[[ DATA open ]]

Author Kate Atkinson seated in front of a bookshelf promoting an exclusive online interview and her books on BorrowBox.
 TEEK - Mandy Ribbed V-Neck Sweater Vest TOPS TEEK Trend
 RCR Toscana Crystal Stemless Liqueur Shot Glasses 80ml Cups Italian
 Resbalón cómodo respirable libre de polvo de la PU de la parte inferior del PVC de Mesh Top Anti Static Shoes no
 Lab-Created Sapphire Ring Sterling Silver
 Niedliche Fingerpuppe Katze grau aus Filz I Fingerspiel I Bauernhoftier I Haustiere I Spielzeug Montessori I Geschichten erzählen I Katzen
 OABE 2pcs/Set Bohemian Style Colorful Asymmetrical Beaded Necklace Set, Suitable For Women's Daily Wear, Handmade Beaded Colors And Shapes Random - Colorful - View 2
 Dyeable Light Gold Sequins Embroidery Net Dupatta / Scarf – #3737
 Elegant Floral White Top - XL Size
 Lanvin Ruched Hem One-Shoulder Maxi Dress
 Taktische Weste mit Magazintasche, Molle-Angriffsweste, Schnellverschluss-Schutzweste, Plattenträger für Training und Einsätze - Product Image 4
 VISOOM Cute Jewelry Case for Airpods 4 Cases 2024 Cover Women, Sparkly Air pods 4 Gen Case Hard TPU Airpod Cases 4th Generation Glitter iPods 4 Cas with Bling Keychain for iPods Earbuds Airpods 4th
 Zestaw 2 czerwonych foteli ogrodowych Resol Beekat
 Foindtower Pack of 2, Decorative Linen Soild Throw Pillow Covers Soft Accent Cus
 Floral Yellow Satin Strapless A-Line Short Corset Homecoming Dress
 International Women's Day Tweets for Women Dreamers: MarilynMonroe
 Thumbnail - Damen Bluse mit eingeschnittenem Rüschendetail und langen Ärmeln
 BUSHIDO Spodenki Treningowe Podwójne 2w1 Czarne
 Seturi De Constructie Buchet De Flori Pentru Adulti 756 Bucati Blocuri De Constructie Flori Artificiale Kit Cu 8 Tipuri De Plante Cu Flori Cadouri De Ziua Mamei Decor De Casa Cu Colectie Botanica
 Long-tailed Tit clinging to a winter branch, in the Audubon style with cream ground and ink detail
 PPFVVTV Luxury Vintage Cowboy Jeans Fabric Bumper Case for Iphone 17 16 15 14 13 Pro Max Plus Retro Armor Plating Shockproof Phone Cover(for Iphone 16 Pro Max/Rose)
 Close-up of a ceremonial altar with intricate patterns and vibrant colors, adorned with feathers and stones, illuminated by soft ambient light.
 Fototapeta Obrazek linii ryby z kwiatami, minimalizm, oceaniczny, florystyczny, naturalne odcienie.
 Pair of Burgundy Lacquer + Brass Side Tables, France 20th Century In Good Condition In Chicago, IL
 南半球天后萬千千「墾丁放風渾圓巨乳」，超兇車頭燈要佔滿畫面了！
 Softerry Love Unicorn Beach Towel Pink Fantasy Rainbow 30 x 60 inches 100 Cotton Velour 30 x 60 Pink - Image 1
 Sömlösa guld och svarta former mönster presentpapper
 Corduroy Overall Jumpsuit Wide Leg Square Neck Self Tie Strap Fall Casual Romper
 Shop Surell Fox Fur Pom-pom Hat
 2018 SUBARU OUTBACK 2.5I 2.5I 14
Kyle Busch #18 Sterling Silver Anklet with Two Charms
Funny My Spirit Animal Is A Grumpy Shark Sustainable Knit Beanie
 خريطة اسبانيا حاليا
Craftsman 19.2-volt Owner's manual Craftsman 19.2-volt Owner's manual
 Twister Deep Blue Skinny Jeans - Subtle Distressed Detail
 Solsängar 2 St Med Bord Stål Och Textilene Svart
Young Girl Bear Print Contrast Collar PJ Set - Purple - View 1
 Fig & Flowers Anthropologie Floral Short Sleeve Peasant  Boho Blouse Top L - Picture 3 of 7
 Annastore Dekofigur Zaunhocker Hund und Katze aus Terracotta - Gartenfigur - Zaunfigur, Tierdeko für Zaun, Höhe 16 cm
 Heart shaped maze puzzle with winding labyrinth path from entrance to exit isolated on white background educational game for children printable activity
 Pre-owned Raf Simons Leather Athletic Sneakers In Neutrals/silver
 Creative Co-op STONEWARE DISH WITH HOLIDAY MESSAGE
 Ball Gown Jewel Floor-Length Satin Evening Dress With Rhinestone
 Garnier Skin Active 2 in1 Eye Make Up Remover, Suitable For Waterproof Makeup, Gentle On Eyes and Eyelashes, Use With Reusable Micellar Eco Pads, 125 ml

[[ DATA closed ]]

TASK OBJECTIVE =>
From the line that contains "Shop Surell Fox Fur Pom-pom Hat" to the last line of the data, write out each line exactly and add nothing.

TASK OUTPUT =>
 Shop Surell Fox Fur Pom-pom Hat
 2018 SUBARU OUTBACK 2.5I 2.5I 14
Kyle Busch #18 Sterling Silver Anklet with Two Charms
Funny My Spirit Animal Is A Grumpy Shark Sustainable Knit Beanie
 خريطة اسبانيا حاليا
Craftsman 19.2-volt Owner's manual Craftsman 19.2-volt Owner's manual
 Twister Deep Blue Skinny Jeans - Subtle Distressed Detail
 Solsängar 2 St Med Bord Stål Och Textilene Svart
Young Girl Bear Print Contrast Collar PJ Set - Purple - View 1
 Fig & Flowers Anthropologie Floral Short Sleeve Peasant  Boho Blouse Top L - Picture 3 of 7
 Annastore Dekofigur Zaunhocker Hund und Katze aus Terracotta - Gartenfigur - Zaunfigur, Tierdeko für Zaun, Höhe 16 cm
 Heart shaped maze puzzle with winding labyrinth path from entrance to exit isolated on white background educational game for children printable activity
 Pre-owned Raf Simons Leather Athletic Sneakers In Neutrals/silver
 Creative Co-op STONEWARE DISH WITH HOLIDAY MESSAGE
 Ball Gown Jewel Floor-Length Satin Evening Dress With Rhinestone
 Garnier Skin Active 2 in1 Eye Make Up Remover, Suitable For Waterproof Makeup, Gentle On Eyes and Eyelashes, Use With Reusable Micellar Eco Pads, 125 ml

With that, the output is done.